The revelation came amid a statement from Manafort’s spokesman, Jason Maloni, indicating that the political adviser would file as a foreign agent with the U. S. Justice Department retroactively.
The Podesta Group, run by Anthony Podesta — the brother of Hillary Clinton campaign manager John Podesta — separately filed as a foreign agent for representing the European Center for a Modern Ukraine until April 2014.
Podesta wrote in a filing under the U. S. Foreign Agents Registration Act — which mandates that lobbyists acting on behalf of foreign governments or political parties in the United States disclose details about their work — that he never had “any direct knowledge” of the center’s “source of funding.”
The center’s stated goal was “enhancing European Union-Ukraine relations,” although 2014 media reports allege that the organization acted as the Party of Region’s Washington, D.C., lobbyist.
Ina Kirsch, the group’s former executive director, did not reply to a request for comment.
Manafort has not yet filed his declaration under the law. His spokesman, Meloni, did not reply to a request for comment asking when the filing would take place.
Manafort loan
The New York Times reported in a separate story that Manafort received $13 million in loans in the month after he stepped down as chairman of the Trump campaign on Aug. 19.
One of the loans, worth $3.5 million, came from a New York investment fund’s private lending division. The fund, called Spruce Capital, appears to have secured the loan against a Hamptons property that belongs to Manafort.
Spruce Capital has its own Ukraine connection.
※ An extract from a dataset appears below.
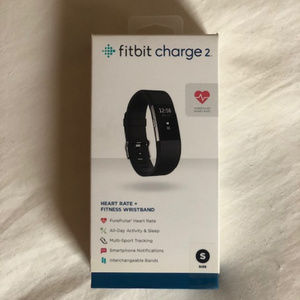 Fitbit Charge 2, Black, Small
Mukacheve-born fertilizer and real estate billionaire Alexander Rovt is a financial backer of the group, which focuses on property acquisitions in and near New York City.
Rovt, a longtime backer of Democratic candidates including a February 2016 donation of $2,700 to Hillary Clinton, appears to have hedged his bets on Election Day, giving $10,000 to the Trump campaign on Nov. 8.
Rovt denied to the New York Times that he knew Manafort.
Rovt’s company, IBE Trade Corp., controlled a number of fertilizer production centers in Ukraine before selling a portion of them off to Ostchem, a company controlled by exiled Ukrainian oligarch Dmytro Firtash, who faces corruption charges in the United States.
IBE Trade Corp. was one of the companies interested in acquiring the Odesa Portside Plant last year. Rovt said in a December statement, however, that the company “declined” to purchase it, citing low commodities prices.
Rovt joined Ukrainian member of parliament Andrii Artemenko on a February 2016 panel on Ukrainian politics, held in New York City. Artemenko did not reply to a question on how he first met Rovt.
Manafort is under investigation by U.S. federal law enforcement over allegedly failing to file as a foreign agent while working for Yanukovych and is reportedly a subject of a separate FBI probe into Russian interference into the 2016 U.S. election. Manafort denies any wrongdoing.